Leave the images aside and repeat the whole listing exactly.

§ **Provided material**
-- -- --

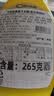 不倒翁蜂蜜芥末酱265g 韩国进口 奥多吉炸鸡汉堡热狗酱蘸酱黄芥末沙拉酱 实拍图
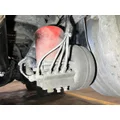 Bendix AD-IS Air Dryer thumbnail 1
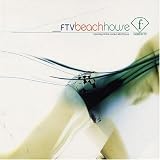 Revue Various Artists  / Fashion TV: FTV Beach House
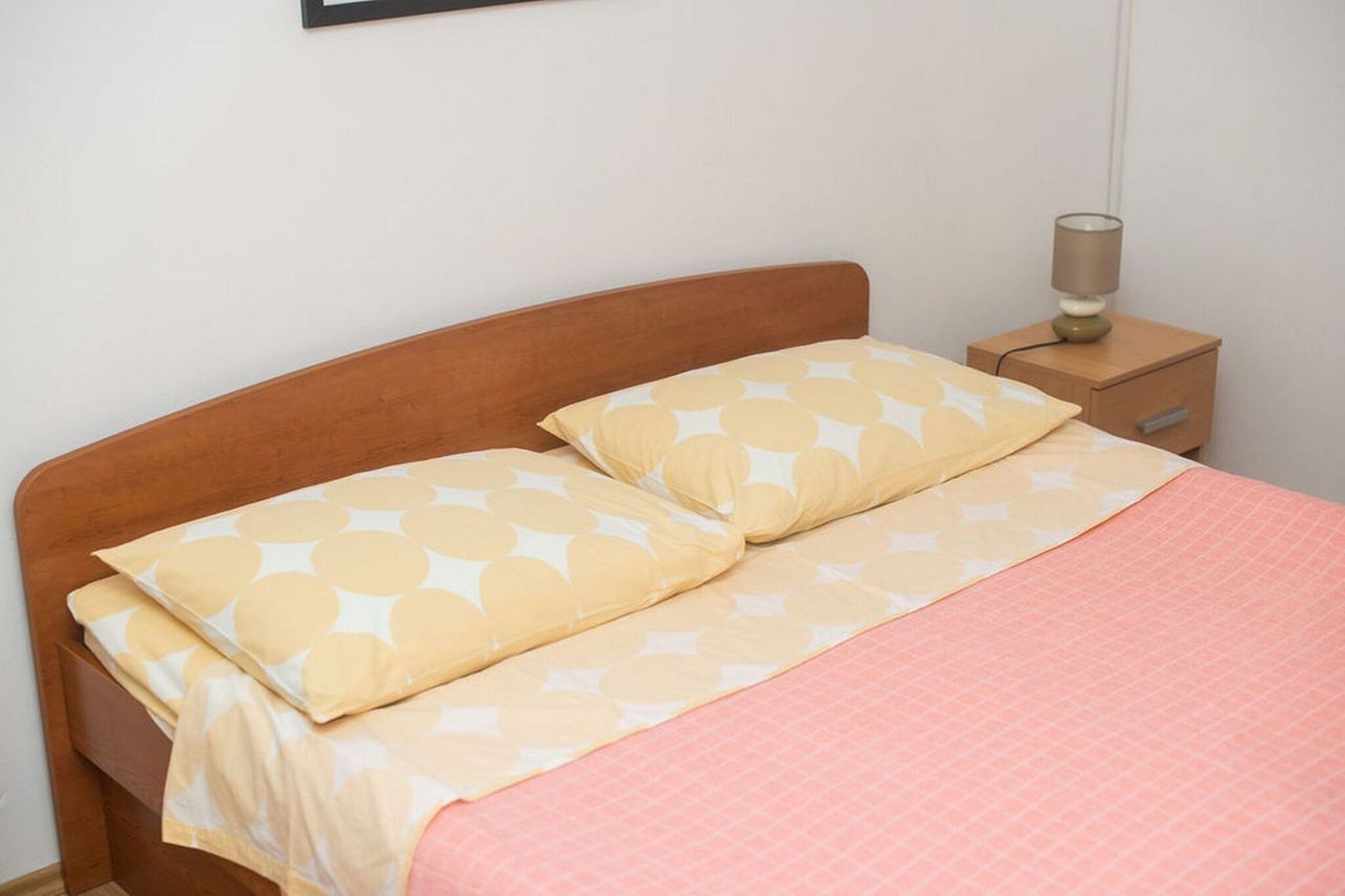 Apartment Near the center and beach 24541-A1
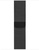 Apple Watch Series 5 GPS + Cellular 40mm Space Black Stainless Steel Case with Space Black Milanese Loop (MWWX2, MWX92)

-- -- --

§ **The completed task**
 不倒翁蜂蜜芥末酱265g 韩国进口 奥多吉炸鸡汉堡热狗酱蘸酱黄芥末沙拉酱 实拍图
 Bendix AD-IS Air Dryer thumbnail 1
 Revue Various Artists  / Fashion TV: FTV Beach House
 Apartment Near the center and beach 24541-A1
 Apple Watch Series 5 GPS + Cellular 40mm Space Black Stainless Steel Case with Space Black Milanese Loop (MWWX2, MWX92)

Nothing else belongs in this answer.